Start of MATERIAL SUPPLIED

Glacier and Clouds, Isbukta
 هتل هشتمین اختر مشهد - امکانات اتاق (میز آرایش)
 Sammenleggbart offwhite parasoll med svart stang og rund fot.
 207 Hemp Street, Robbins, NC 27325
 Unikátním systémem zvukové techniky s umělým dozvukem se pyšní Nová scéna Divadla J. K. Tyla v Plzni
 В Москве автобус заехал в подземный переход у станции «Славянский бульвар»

End of MATERIAL SUPPLIED

→ **TRY IT**
The lines from the top of the data above down to the line containing "Unikátním systémem zvukové" are to be copied exactly; no other line should appear.

→ **EXERCISE RESULT**
Glacier and Clouds, Isbukta
 هتل هشتمین اختر مشهد - امکانات اتاق (میز آرایش)
 Sammenleggbart offwhite parasoll med svart stang og rund fot.
 207 Hemp Street, Robbins, NC 27325
 Unikátním systémem zvukové techniky s umělým dozvukem se pyšní Nová scéna Divadla J. K. Tyla v Plzni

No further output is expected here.